So in the United States, after it’s no longer necessary for us to be spooks, jigaboos, monkeys, jungle-bunnies, niggers and Negroes, we’ve graduated to “African-Americans.” Our identity is not our own. It is defined in relationship to something that’s been created by imperialist white power. I am an African-American and here we are Black-Brits and all these other kinds of things.

We have come to believe that the nation is Nigeria. It is illogical for any number of reasons. All you have to do is see that there is some kind of relationship between peoples who live inside this “nation,” as they characterize this border that’s been imposed on us, and people who live outside of it. All over Africa you find this reality.

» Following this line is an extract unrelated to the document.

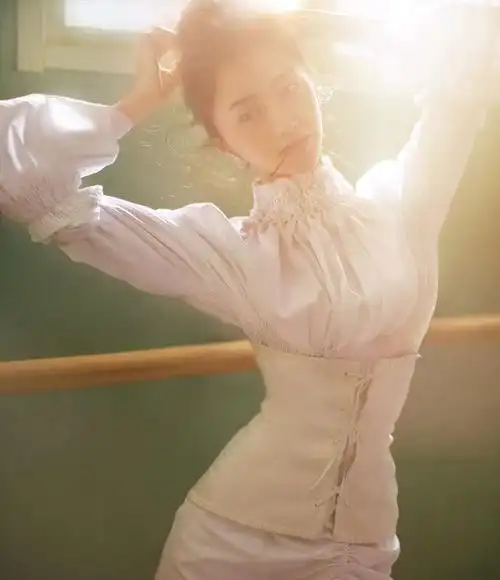 景甜芭蕾衣写真照(景甜的芭蕾舞造型太美了)(4)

So we know that something is wrong with that. We know that even though we are supposedly “African-Americans,” which means our national identity is somehow associated with America and not with our people, we still experience some response to what we see happening to people who look just like us some other place in the world. So this question of identity is extremely important.

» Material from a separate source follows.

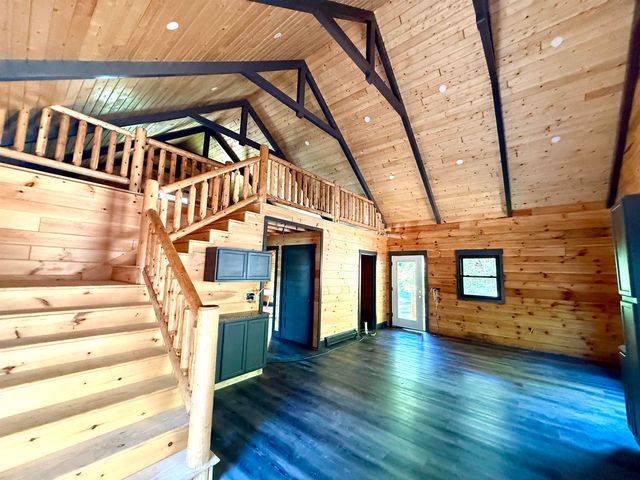 7 Interlaken Drive, New Durham, NH 03855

Most of us have come to understand the question of nations based on our experience where we are located and have not given much thought to it beyond that. Therefore our concept of nations has been something that has been imposed by our relationship to white power.

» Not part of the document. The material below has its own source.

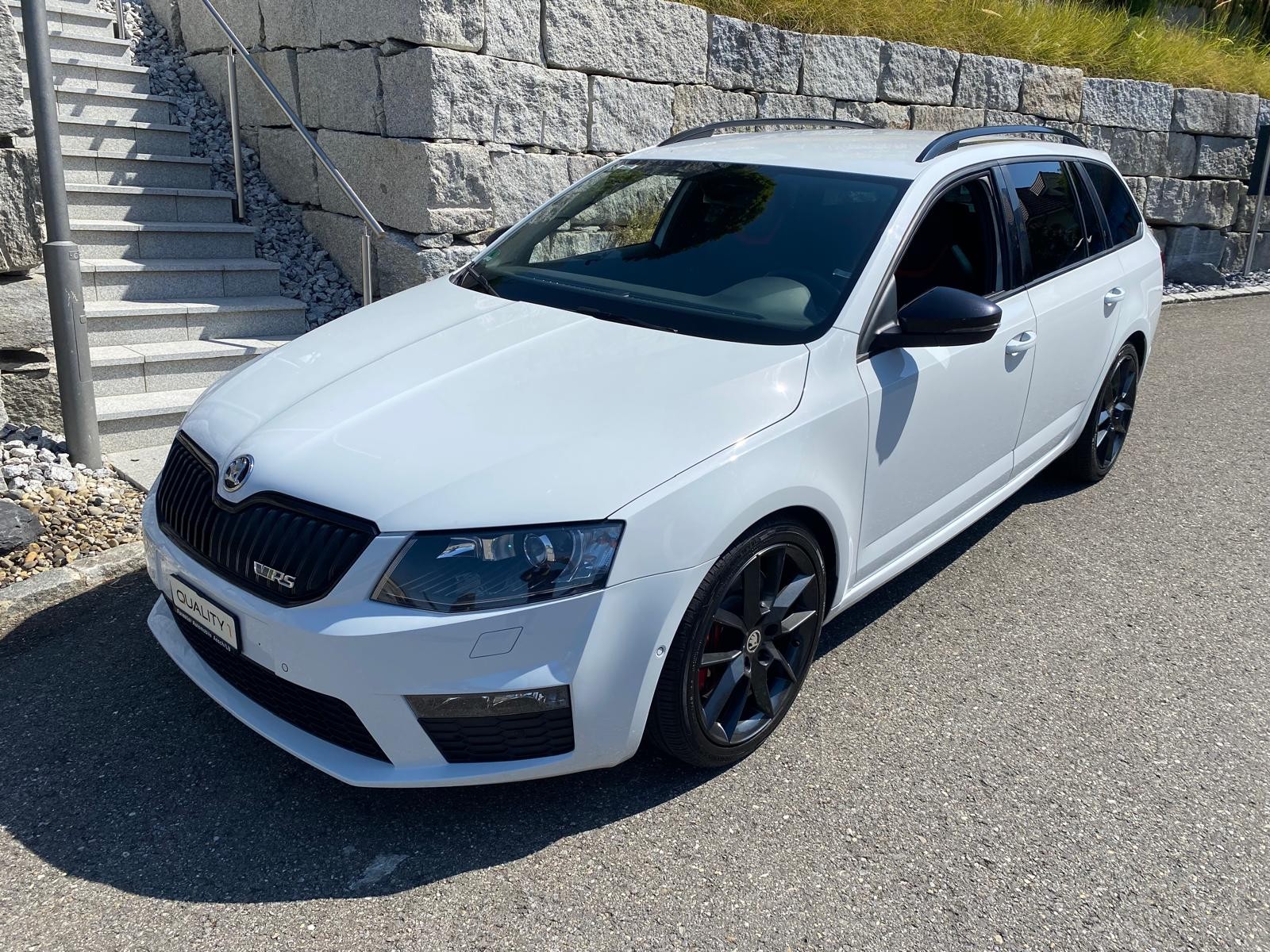 SKODA Octavia Combi 2.0 TSI RS DSG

Even the white people have been having this ongoing historical struggle about what constitutes a nation. Relatively recently in history, there was some intervention particularly by Marxists and, more specifically, by people like Stalin.

Stalin put forth five criteria for what it is to be a nation. It was a struggle for some scientific way that we can define what a nation is.

Of course, a question arises in a society not just because of some kind of abstract exercise, but because people are trying to solve problems in society. Even if the persons who are having the discussion are not aware of it, there is a problem that has emerged in this particular society that has to be spoken to.

European nationhood was consolidated at expense of African national consolidation

This national question emerged inside Europe, in part, because Europe has historically been simply a place of warring tribes that didn’t even have a common identity as a group of people. The concept of the European is something that was not widely or commonly accepted until the 17th century.

What was it, then, that created this notion of a oneness that is now defined in terms of nationality or nationhood in what we now refer to as Europe and among what we now call white people?

It was in the process of looting the world and enslaving Africans that the concept of Europe was formed. Europe and the European were created in this process of looting and robbing the rest of us. Before that there was no generally recognized concept of Europe or Europeans.

So you have the emergence of the “European nation,” on the one hand, but it comes in the process of an attack on Africa and an assault on the consolidation of African nationality. The process that brings white people together is the same process that takes African people away from each other and creates all of these borders that separate us. So the European nationality was consolidated as a part of the process to frustrate and destroy the consolidation of the African nationality. This is the dialectic that we’re working with.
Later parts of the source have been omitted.